Any seated hip opener will do. But if you’d like to stretch your front thighs, it’s hard to beat half-hero pose (Virasana).
Here’s how: sit on the floor with some chip-foam yoga blocks, or a stack of books, at your side. Bend one leg back in hero pose (Virasana). Bend the other knee and rest your foot on the floor.
Put as many blocks, or books, under your buttocks as you need to sit comfortably. Unbreakable rule: you should have no pain in your bent knee. Even if what you feel is just a small electrical pulse running across the front of your knee, sit higher. Check that your bent knee faces directly forward, and that your inner ankle draws toward the foam blocks.
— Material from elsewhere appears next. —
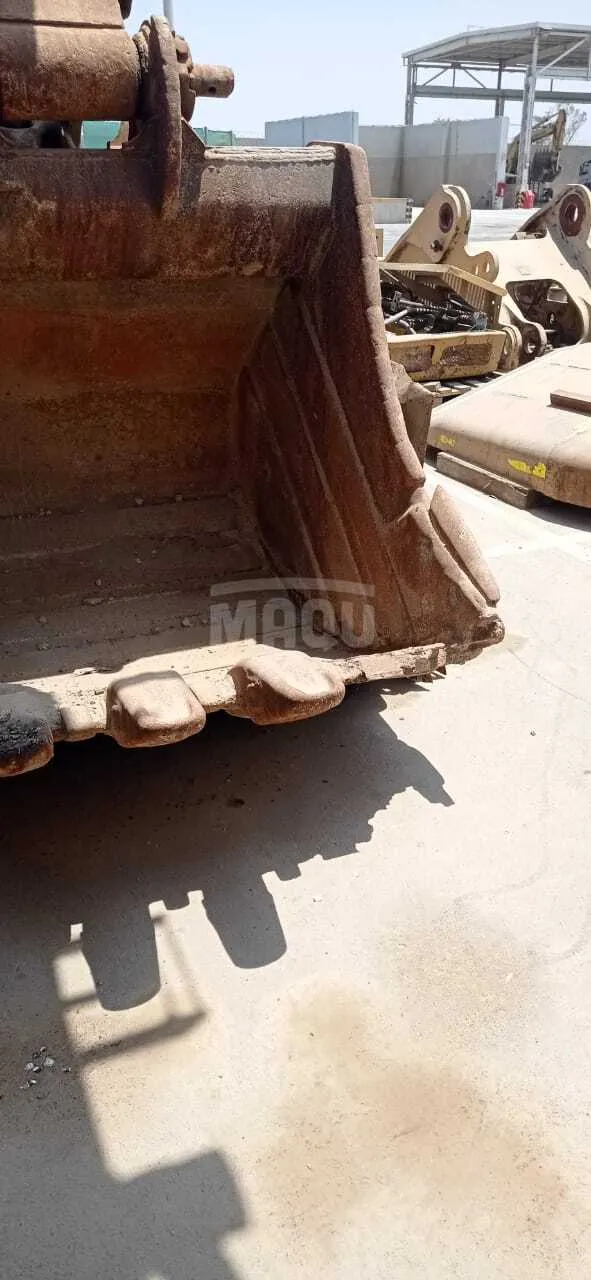 Excavadora sobre orugas KOMATSU PC350LC-8 (2013) - Foto # 4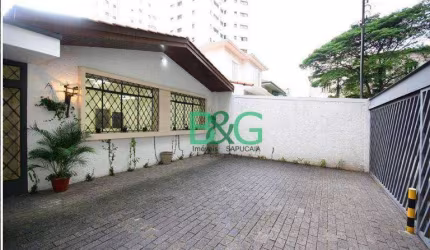 Casa com 8 dormitórios, 338 m² - venda por R$ 4.680.000,00 ou aluguel por R$ 17.809,50/mês - Perdizes - São Paulo/SP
Now lean back, supporting yourself with your hands. Curl your tailbone toward your pubic bone. On the bent knee side, draw your thighbone deeper into your hip socket.
Find an intense but still pleasant stretch in your front thigh muscles.
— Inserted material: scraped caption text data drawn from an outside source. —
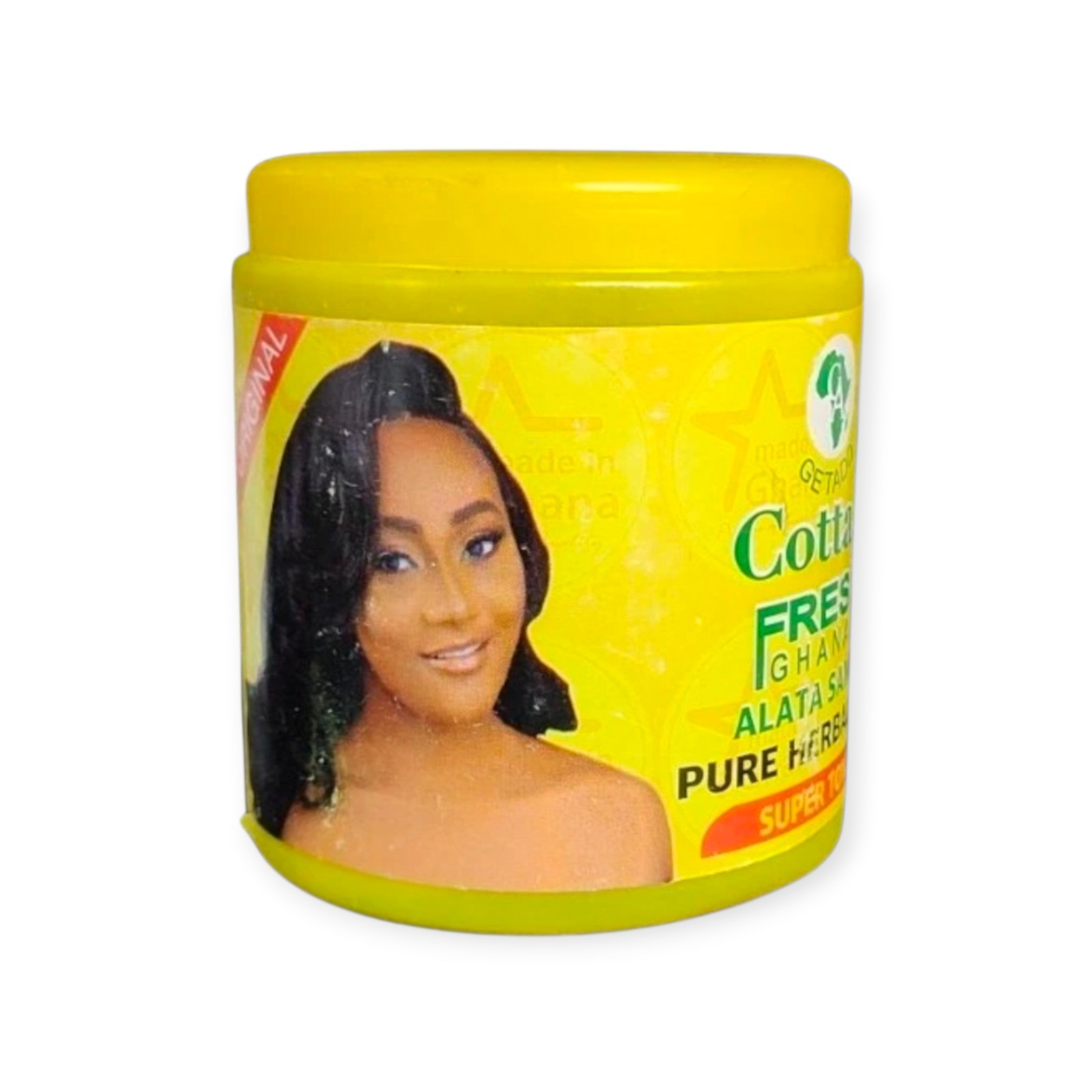 Getadd Cottage Fresh Alata Samina Herbal “Super Toner” Soap. ORIGINAL 550g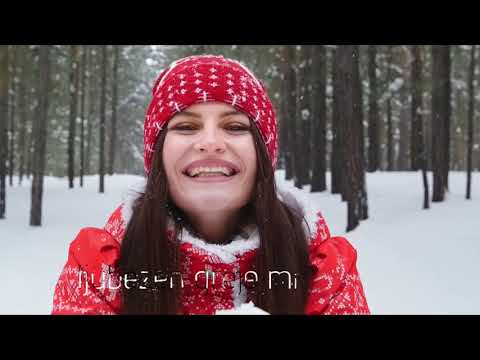 POSKOČNI & NUŠA DERENDA - BELI OBLAKI, BELE SNEŽINKE Remastered 2021 (Official Lyric Video)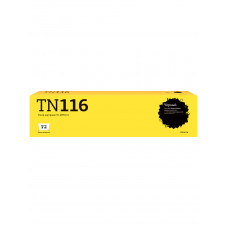TC-MTN116 Тонер-картридж T2 для Konica-Minolta BizHub 164/165/185 (11000 стр.) TN-116/TN-118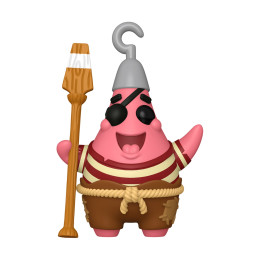 Funko Pop! Movies: the Spongebob Movie - Patrick Star #11939 Vinyl Figure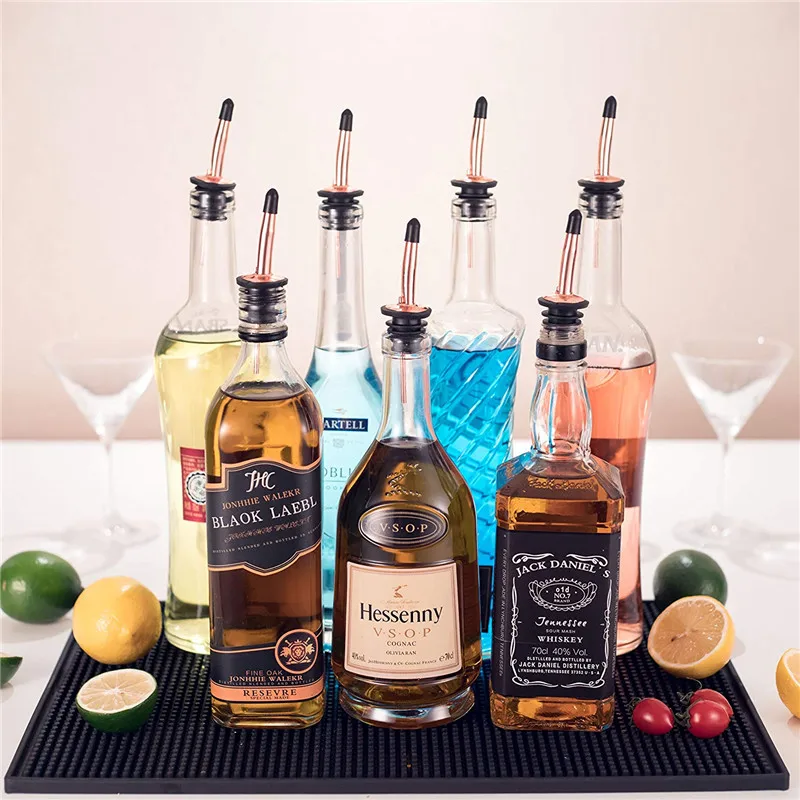 Пробка для вина из нержавеющей стали дозатор виски коктейля ликера спирта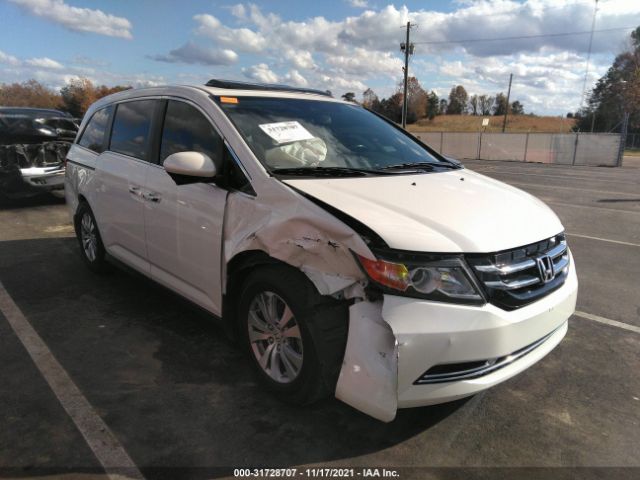 HONDA ODYSSEY 2015 5fnrl5h65fb131505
Hold it for at least a minute, preferably longer. Then change sides.
For most of us, one front thigh is noticeably tighter than the other. Once you know which is which, start on your tight side, alternate with the easier side, then give the tight side an extra minute or two of stretch.
As your front thighs begin to loosen, you will need fewer blocks. Eventually you may be able to lie down with one leg in Virasana.
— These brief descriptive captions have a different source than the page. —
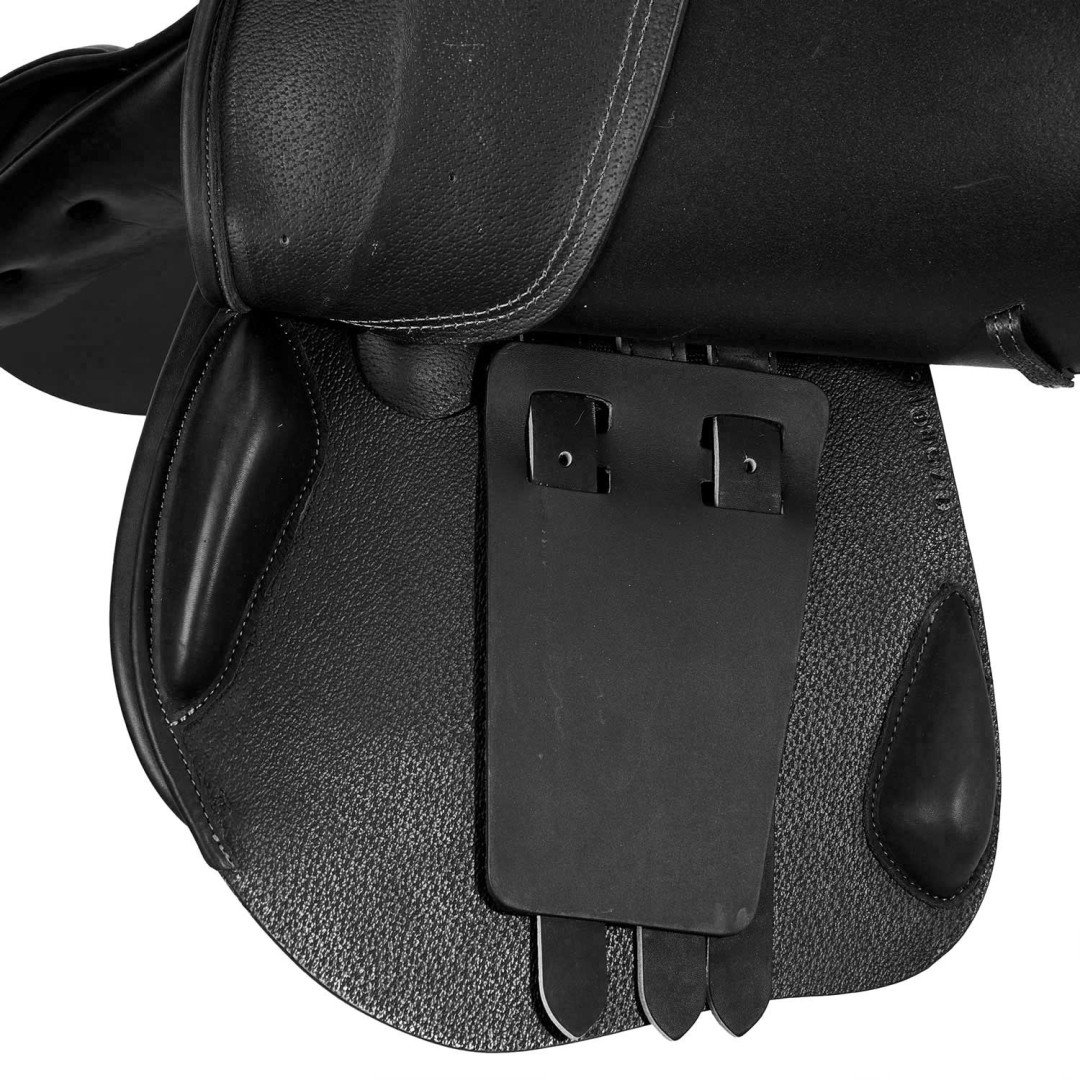 Acavallo Saddle with Wooden Arch Printed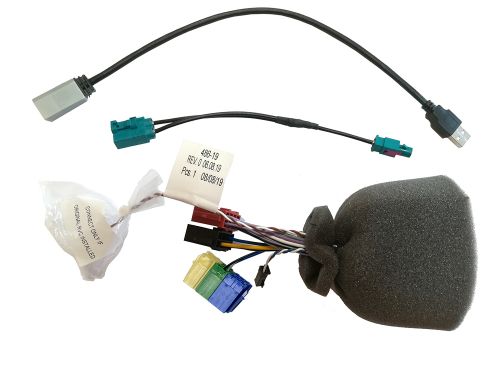 Adapter wiring harness for Fiat Ducato III, Citroën Jumper II and Peugeot Boxer II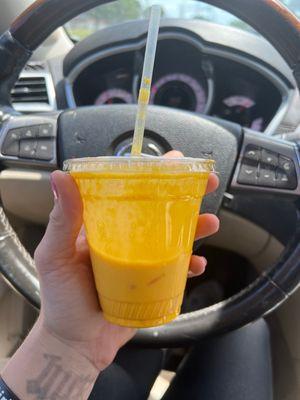 88. Mango Lassi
Benefits: Do this as television yoga, and you’ll have the joy of knowing that you’re not just vegging, you’re helping your body gain some flexibility. Do it daily for at least five-minutes and the next time you do Warrior I in class, you’ll find a different, more open pose.
The quads are the strongest muscles in your body. Keeping them strong but flexible helps prevent knee injuries. And as you move more deeply into your yoga practice, flexible front thighs will give your backbends more freedom.
Sequence: Any time you’re sitting down and relaxing you have an opportunity to stretch your front thighs in half-hero. In a longer practice, half-hero is especially helpful before lunges and backbends. If your practice includes Supta Virasana (lying down hero pose) working one leg at a time as a preparation will help you move more easily into the full pose.
Ouch: If your front thighs are tight, go slowly. As you lean back, find the first place you feel a stretch. Stay there and breathe. Resist the temptation to push into pain.
• If the front of your ankle hurts, put a rolled- up facecloth under the ankle joint.
• If the back of your bent knee feels compressed, come up to kneeling and put a folded yoga strap, or a folded sock or facecloth deep into the knee joint at the back of your knee. If you can’t get a good front thigh stretch without compressing your knee, don’t work with this position. Talk to your teacher about alternatives.
Sanskrit Corner: Say veer-AHS-anna. “Vira” means hero. “Asana” means pose.